心房細動|症状・検査/診断・治療
10秒サマリー
- **診断:**心電図でP波消失、f波出現、不規則なR-R間隔を確認。無症候性も多いためハイリスク群へのスクリーニングが重要。
- 塞栓症予防:世界標準のCHADS2スコアで高リスク群を抽出し、日本独自のHELT-E2S2スコアで低体重や持続性AFのリスクを補完して評価する。
- 治療の柱:「ABCパスウェイ」に基づき、抗凝固、症状改善(レート・リズム管理)、併存症管理を包括的に行う。
- 弁膜症性AF:中等度以上のMSや機械弁症例にはワルファリンが必須。DOACは禁忌である点に注意が必要。
概要・疫学
心房細動(AF)は臨床で最も頻繁に遭遇する不整脈であり、最大の懸念は左房内血栓による脳梗塞(心原性脳塞栓症)である。非AF症例と比較してリスクは約5倍に達する。最新のガイドラインでは、心不全と同様に「ステージ」による管理概念が導入され、早期介入と包括的な生活習慣改善が予後改善に直結するとされている。
症状・身体所見
- **症状:**動悸、息切れ、疲れやすさ、胸部違和感。持続性AFでは症状に慣れてしまい、無自覚なまま心不全を合併する例も少なくない。

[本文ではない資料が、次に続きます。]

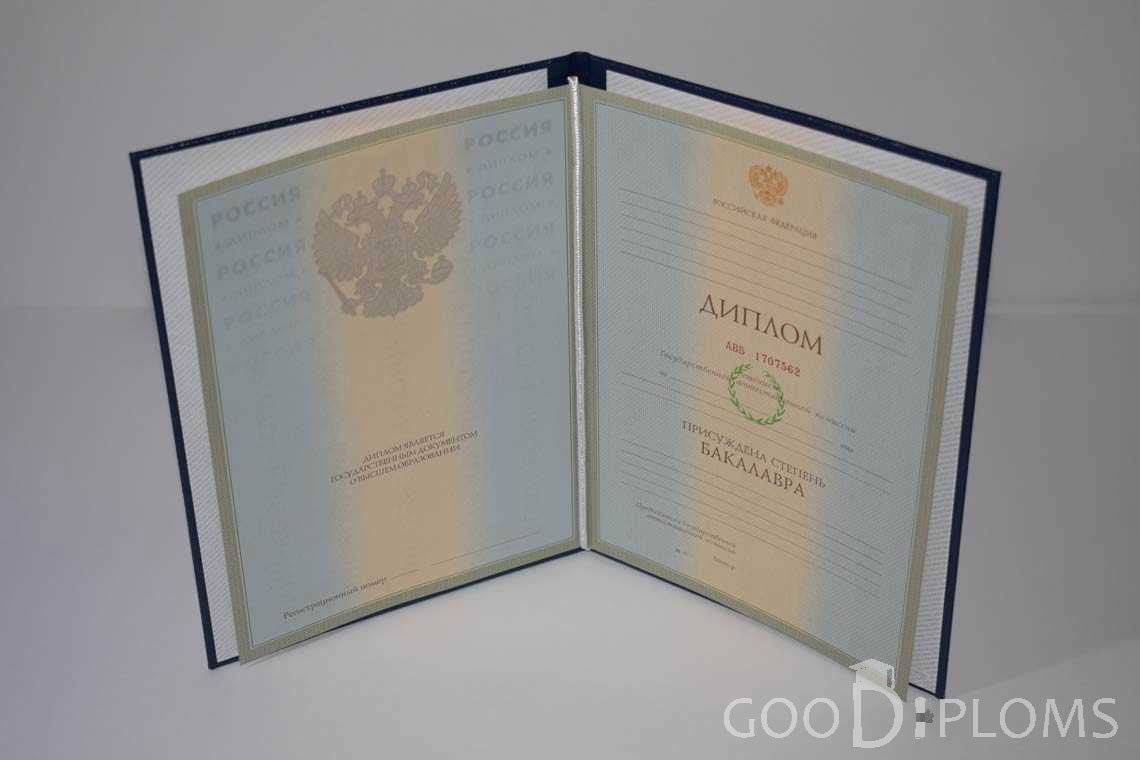 Диплом Бакалавра в период c 2003 по 200 год - Альметьевск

- **身体所見:**脈の結滞(整のない不整)、心音の強弱の変動。
- **合併症:**脳塞栓症による突然の麻痺や意識障害、頻脈誘発性心筋症による心不全。
初期検査・鑑別診断
- **12誘導心電図:**確定診断のゴールドスタンダード。
- **心エコー:**左房径、LVEF、弁膜症(特にMS)の有無を評価。
- **ホルター心電図:**発作の頻度、持続時間、最長心停止時間の評価。
- **血液検査:**BNP(心負荷)、甲状腺機能(バセドウ病等の除外)、腎機能(DOAC用量調節に必須)。
専門医へのコンサル基準
- **根治目的:**カテーテルアブレーションを検討する場合(特に早期の症候性AF)。
- **心機能低下:**LVEF低下例や、レートコントロール困難な頻脈性AF。
- **弁膜症合併:**中等度以上のMSや機械弁置換後の管理。
- **判断困難例:**高出血リスク患者への抗凝固療法の適応判断。
診断基準・精査の詳細
塞栓症リスク評価:2つのスコアの使い分け
実臨床では、まず簡便なCHADS2スコアで評価し、低スコアの場合に日本独自のHELT-E2S2スコアで再評価する流れが推奨される。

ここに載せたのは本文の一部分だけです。